Green Chemistry at Teva api – Our R&D team’s initiative to making an environmental impact

Last year, Teva api’s R&D leadership team got together to brainstorm about what could be done on a departmental level to make a substantial environmental impact. As a result of this meeting, a new “community” was formed called the R&D Green Community, and over the last year it has established many initiatives.  

The mission of the community is to identify and propose actions, technologies, and initiatives – within both the global and local sphere – aimed at reducing the environmental impact of activities performed in the Teva api R&D department. It also aims to promote a green culture within the department and create value out of green initiatives.  

Four distinct groups were created as part of the community, to tackle four different areas: 


The energy group aims to improve energy efficiency in the labs and pilot plants. It maps how the energy is being used and finds opportunities where the team can decrease energy consumption and where older technologies can be changed with newer, more modern technologies.  

For example, optimization of HVAC systems, conversion of Diesel based generators into dual mode with 70 % Piped Natural Gas and 30 % High Speed Diesel (HSD), reviewing the possibility of changing florescent lights to LED ones, replacing old refrigerators and freezers & replacement of R22 refrigerant, changing fume hoods that aren’t well-regulated, and working out how to utilize excess energy elsewhere.  


The technology group evaluates existing technologies, and suggests new technologies, solvents and catalysts.

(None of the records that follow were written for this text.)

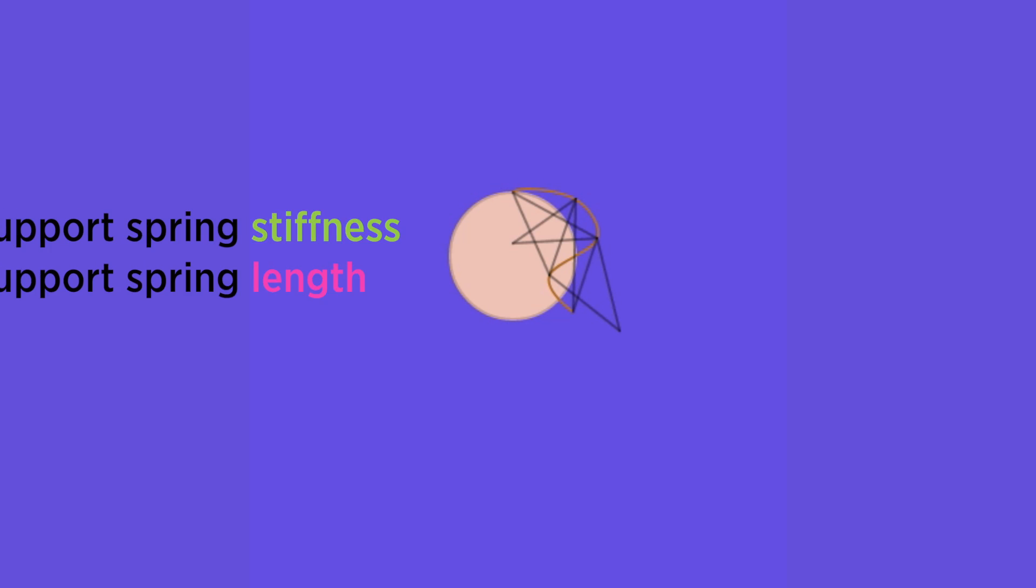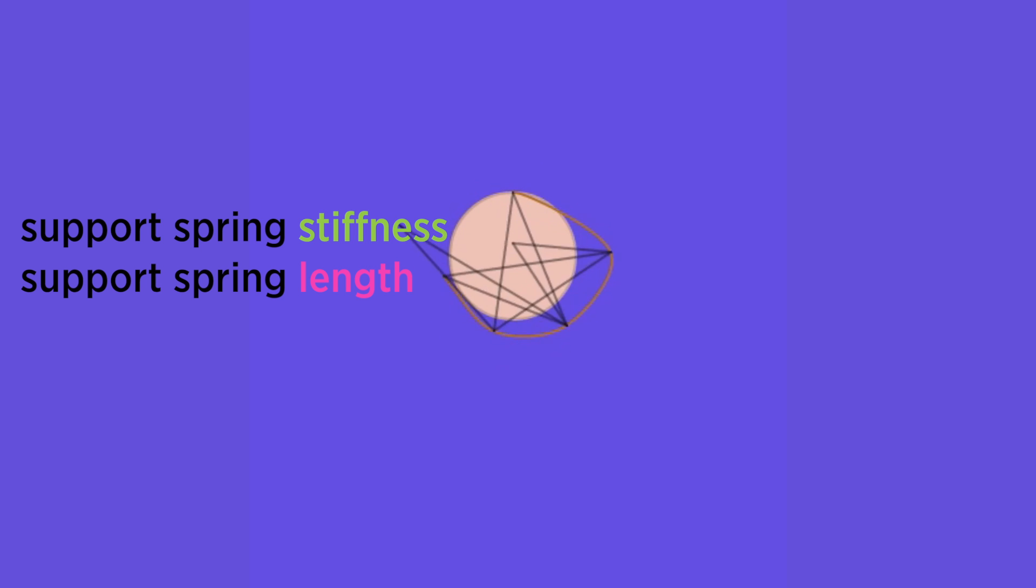Adding these support springs results in new parameters we can control: the stiffness and length of the support springs. Shorter support springs will give us smaller curls, while really long support springs give us bigger ones.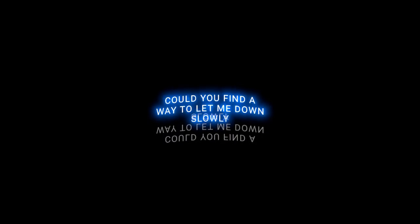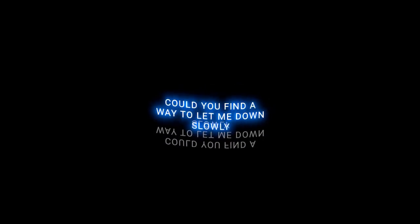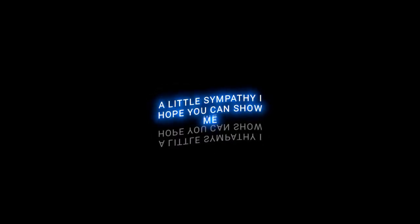Could you find a way to let me down slowly? A little sympathy, I hope you can show me. If you wanna go, then I'll be so lonely. If you're leaving, baby,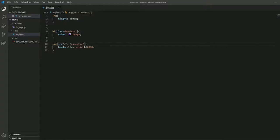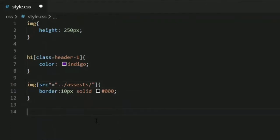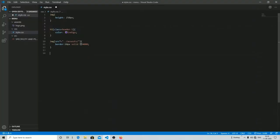There are some different attribute selectors available. I hope you understand the star (*=), caret (^=), and dollar ($=) equal-to signs. Now we are moving to the whitespace selector.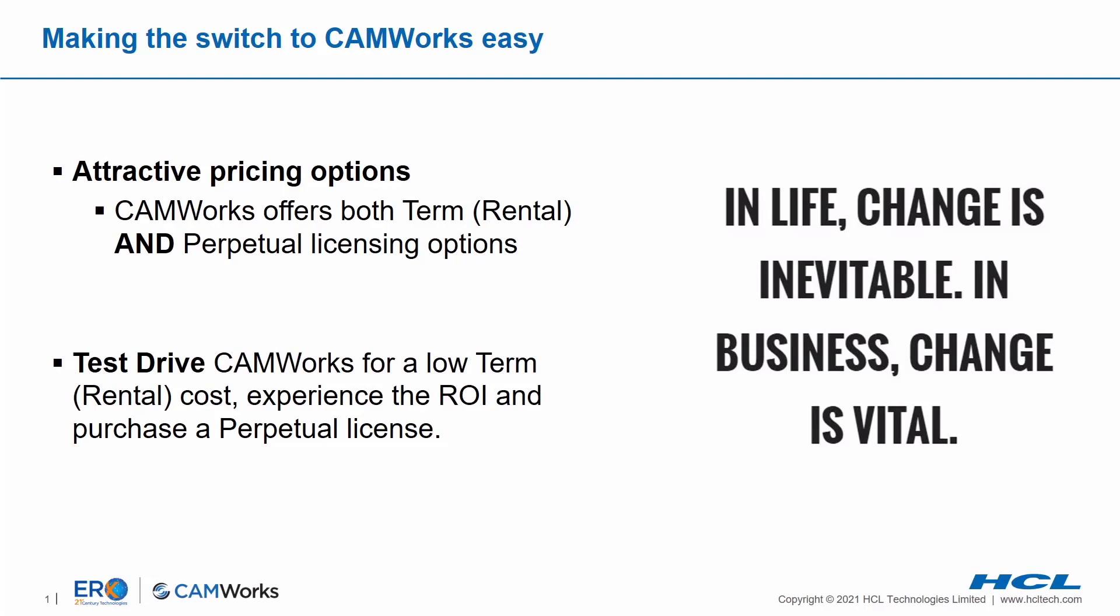We're offering you an easy and low risk way of getting into an advanced CAD CAM system with continued investment and a strong future.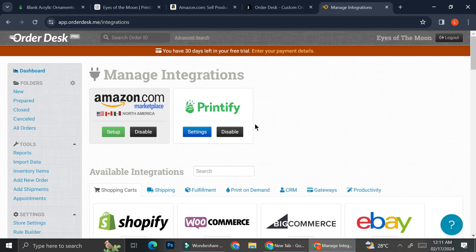So that is it. That is how you can connect your Printify with your Amazon Seller account. I hope this tutorial is helpful for you. Thank you so much for watching and have a great day!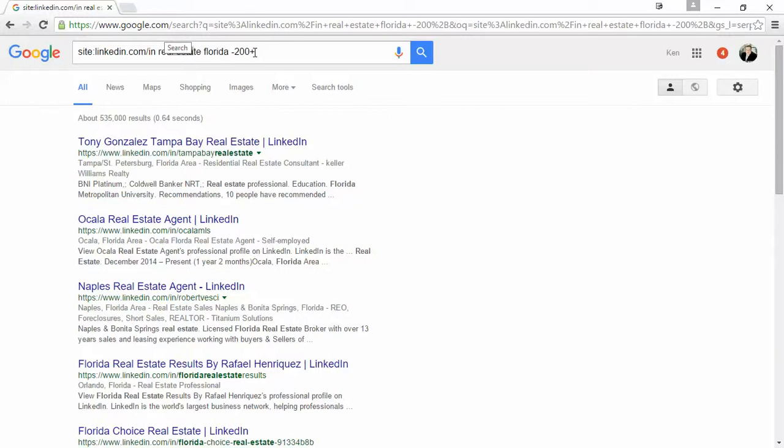hey, I found your profile on LinkedIn. So this is a very good way to not necessarily be cold calling, but warm calling people because now you have some background information on their business.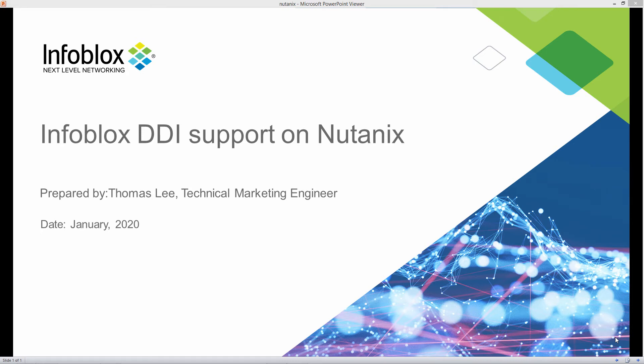Hi, this is Thomas Lee, Technical Marketing Engineer here at Infoblox. This video is going to show how to implement Infoblox DDI version 8.5 on Nutanix.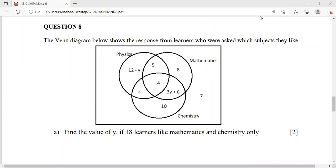Welcome guys, so we have a question here that we are supposed to solve. The Venn diagram below shows the responses from learners who were asked which subjects they like. We have mathematics, physics, and chemistry. These are the responses that the learners gave.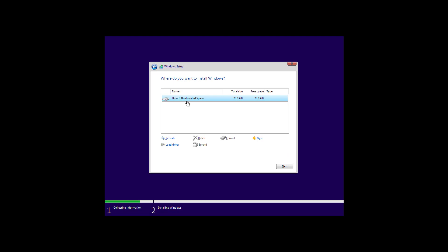Then, select the unallocated space for the main hard drive, and then click Next to begin the clean installation of Windows 11.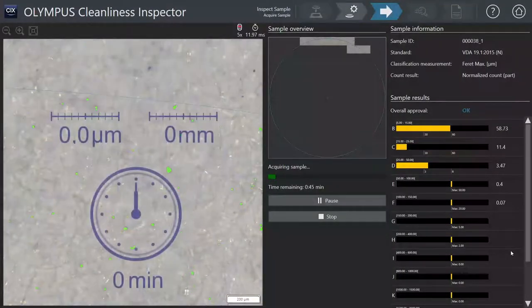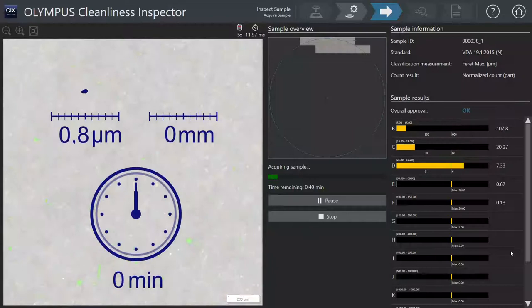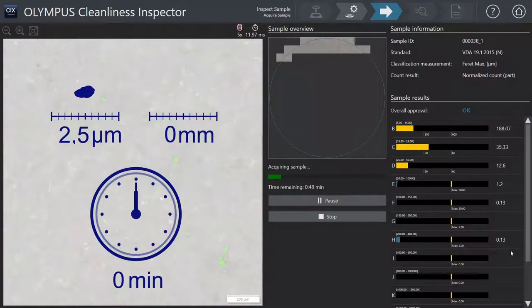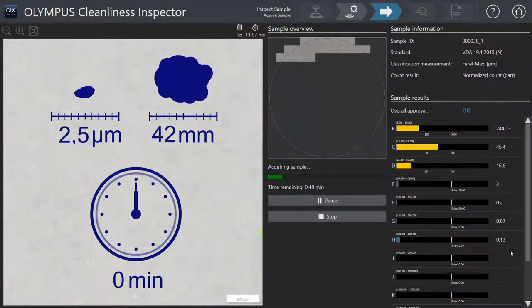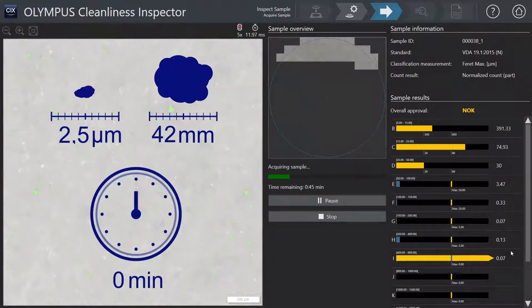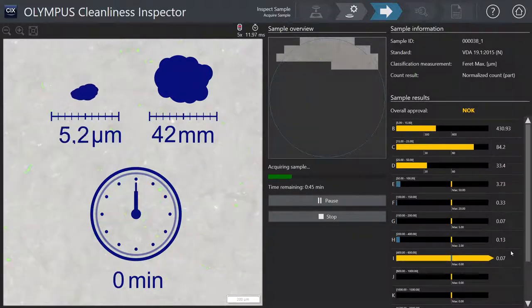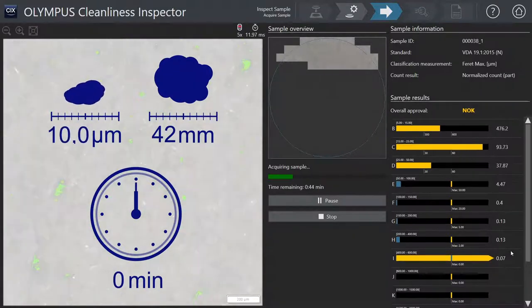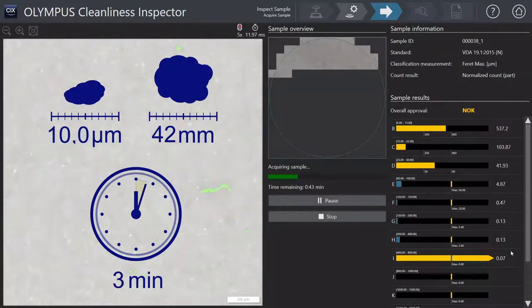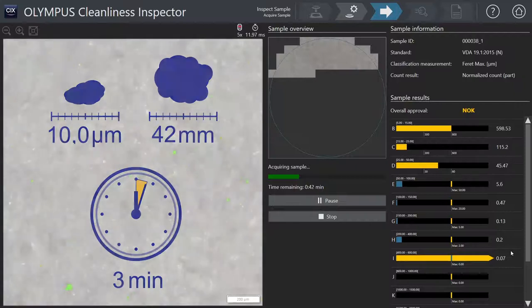A complete analysis of particles between 2.5 micrometers and 42 millimeters is conducted in 10 minutes. For a contamination analysis down to 10 micrometer particles, less than 3 minutes is enough.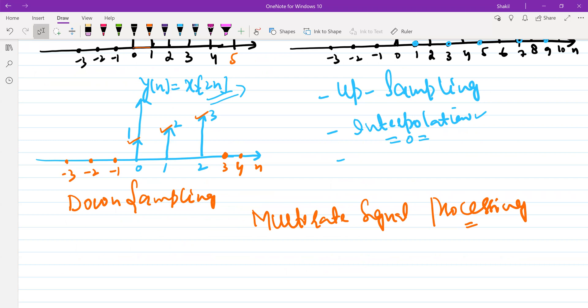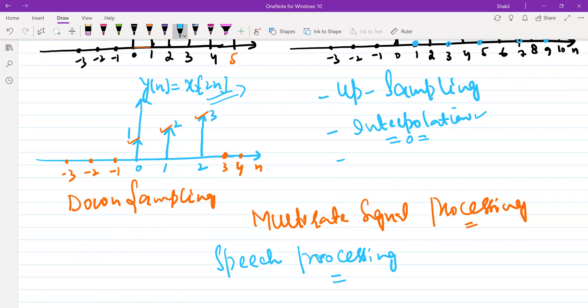Changing the sampling rate is a very important operation in speech processing applications. For example, you might have a recorded audio file that you can store in MP3 or MP4 format — that's simply changing the rate of the signal. On a DVD you store it at one rate; on magnetic tape, at another rate. This is what multi-rate signal processing is all about.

Examples of this in action are the use of continuous manufacturing in chemical processes and the successful implementation at GMP scale.  

The group also looks at water usage in the department and evaluates how to minimize or replace water. Their work has led to the installation of a centrally cooled glycol circuit (-15 to -8°C) for cooling small laboratory equipment such as evaporator coolers and EasyMax’s reactors to replace use of water-cooled thermostats.  

The below image illustrates the benefit of applying a technology where the products are manufactured in a continuous manner without isolation, thus reducing the effluent load on environment. The upper image shows traditional round flasks producing high effluent load which causes environmental issues. The lower image shows a continuous tube where, without isolation and without creating an effluent burden on the environment, production can occur.   

Source: Cambié, Dario, et al. “Applications of Continuous-Flow Photochemistry in Organic Synthesis, Material Science, and Water Treatment.” Chemical Reviews, vol. 116, no. 17

        3. Metrics  

This group has developed a computational tool for sustainability evaluation. The tool quantitively assesses the greenness and sustainability of a chemical process and gives a sustainability score between 1 and 100. 

Below shows what the scores reflect. 

The score considers multiple elements, including PMI, solvent selection, energy consumption, toxicity of materials, safety, atom economy, and process risks. 

Its aim is to enable chemists to make greener choices and to design chemical processes with improved efficiency and a lower environmental impact.   

Here is an example of a sustainability score evaluation for the amide formation reaction: 

        4.Value and Proposition  

This group works on networking, sustainability initiatives, and finding collaborations in and out of the organization.  

One such initiative is the Greeny award, a new annual award that encourages sustainability in the research and development facilities of Teva api R&D. The award is given to those who minimize or eliminate the environmental impact of processes in the R&D department, while also promoting a culture of greenness. It’s a celebration of innovation and creativity. 

Well done Teva api R&D team on this meaningful initiative! We hope you continue to make a significant environmental impact going forward into 2024.